Hi Mattias,
Thanks for the input and clarification. I will include these changes in
the v6.
Regards,
Kevin
On 22/10/2018 08:11, Mattias Rönnblom wrote:
On 2018-10-19 12:16, Laatz, Kevin wrote:
On 03/10/2018 20:06, Mattias Rönnblom wrote:
On 2018-10-03 19:36, Kevin Laatz wrote:
From: Ciara Power <ciara.po...@intel.com>
+
+ if (!telemetry->request_client) {
+ TELEMETRY_LOG_ERR("No client has been chosen to write to");
+ return -1;
+ } > +
+ if (!json_string) {
+ TELEMETRY_LOG_ERR("Invalid JSON string!");
+ return -1;
+ }
+
+ ret = send(telemetry->request_client->fd,
+ json_string, strlen(json_string), 0);
How would this code handle a partial success (as in, for example,
half of the string fits the socket buffer)? In not, maybe switching
over to a SOCK_SEQPACKET AF_UNIX socket would be the best way around
it.
Is the suggestion here simply to use socket(AF_UNIX, SOCK_SEQPACKET)

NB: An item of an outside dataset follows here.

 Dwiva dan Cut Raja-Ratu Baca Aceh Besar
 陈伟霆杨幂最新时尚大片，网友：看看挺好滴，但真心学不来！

instead of (AF_UNIX, SOCK_STREAM) ?
That would be the most straight-forward to the problem, I think.
Linux' SOCK_SEQPACKET implementation has problems with really large
messages (since a per-message linear buffer is allocated), but I'm
guessing these messages are not in the hundreds-of-kb range.
+
+ buffer_read = read(telemetry->accept_fd, buf, BUF_SIZE-1);
This and the below code seem to assume that read() returns one and
only one message, but on a SOCK_STREAM, there is no such thing as a
message. It's a byte stream, and you need to provide your own
framing, or have an application protocol which allows only have one
outstanding request. If you do the latter, you still need to allow
for "short" (partial) read()s (i.e. re-read() until done).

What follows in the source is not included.